The high rating will allow the city to get the best rate possible for the sale of bonds that will be used to complete the Lions Park Projects.
“This is great news for the city and this AA+ rating assures the taxpayers of Costa Mesa that we will be able to complete the Lions Park projects with lower financing costs,” Mayor Katrina Foley said. “Congratulations to the current and former city councils, city staff and the Finance and Pension Advisory Committee for the prudent fiscal policies and management that helped us achieve this accomplishment.”
The Standard & Poor’s report also credited the effort to responsibly manage city reserves and debt. Indeed, Standard & Poor’s report cited several reasons for this top rating.

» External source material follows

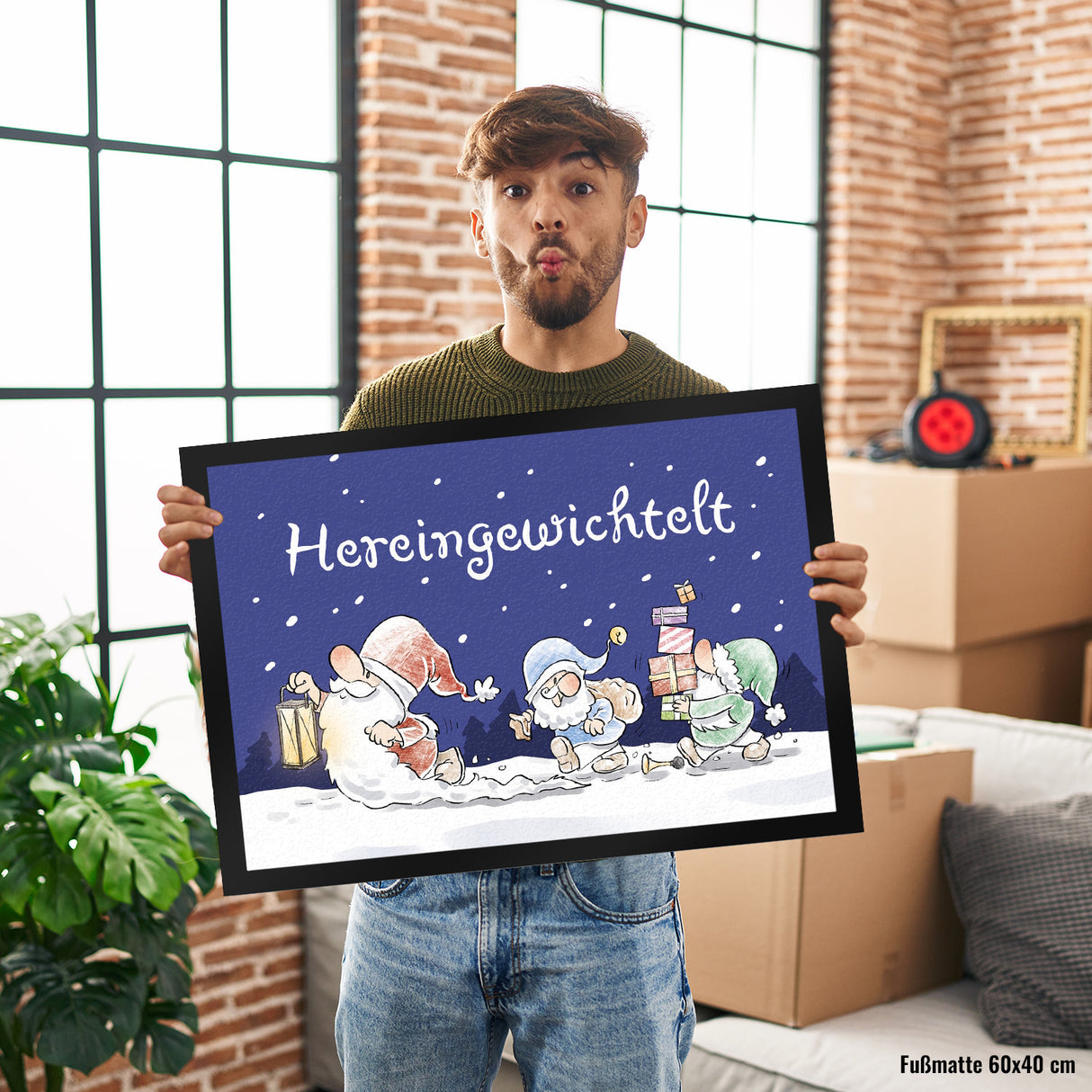 Hereingewichtelt Fußmatte in 35x50 cm mit Spruch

Click here to see the full report.
According to Standard & Poor’s, the following findings played into the rating being raised to the top level.
- Very strong economy, with access to a broad and diverse metropolitan statistical area (MSA);
- Very strong management, with strong financial policies and practices under our Financial Management Assessment (FMA) methodology;
- Strong budgetary performance, with operating surpluses in the general fund and at the total governmental fund level in fiscal 2016;
- Very strong budgetary flexibility, with an available fund balance in fiscal 2016 of 54% of operating expenditures;
- Very strong liquidity, with total government available cash at 81.8% of total governmental fund expenditures and 26.4x governmental debt service, and access to external liquidity we consider strong;
- Strong debt and contingent liability position, with debt service carrying charges at 3.1% of expenditures and net direct debt that is 21.9% of total governmental fund revenue, as well as low overall net debt at less than 3% of market value, but a large pension and other postemployment benefit (OPEB) obligation; and
- Strong institutional framework score.